Subject | Re: UTF-8 vs UTF-16 |
---|---|
Author | mailmur |
Post date | 2003-08-22T10:11:36Z |
> * Java encoding "UTF-16" produces UTF-16BESorry I did not post whether those testings produced a BOM marker at
> * Java encoding "Unicode" produces UTF-16LE
> * Win2k Notepads "Unicode" save produces UTF-16LE. It has an
> additional "Unicode big endian" saveAs format for UTF-16BE
the start of file.
Additional testings:
dotNET csharp:
StreamWriter writer = new StreamWriter("data.txt", false,
System.Text.Encoding.Unicode|UTF8|BigEndianUnicode, 8 * 1024);
* System.Text.Encoding.Unicode = UTF-16LE with BOM
* System.Text.Encoding.BigEndianUnicode = UTF-16BE with BOM
* System.Text.Encoding.UTF8 = UTF-8 with BOM
I think Java and dotNET languages will produces same endian on all
operating systems for each charset name specified. So Java "Unicode"

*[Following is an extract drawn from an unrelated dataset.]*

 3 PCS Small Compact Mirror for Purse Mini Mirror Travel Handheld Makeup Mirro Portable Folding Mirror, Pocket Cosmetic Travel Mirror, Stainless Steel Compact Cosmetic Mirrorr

is always UTF-16LE. dotNet documentation will say explicitly
that "Unicode" is a little-endian byte order.
I wish we could have an alias names for commonly used Java/csharp
encoding names (UTF-8, Unicode) to make life easier from client side.
And then map "Unicode" encoding to UTF-16LE byte order platform
independently.
dotNETProvider driver uses "charset=" connectionstring name. Maybe
Jaybird coders could add it as an alias to current "lc_ctype" name.
It is more understandable url parameter name.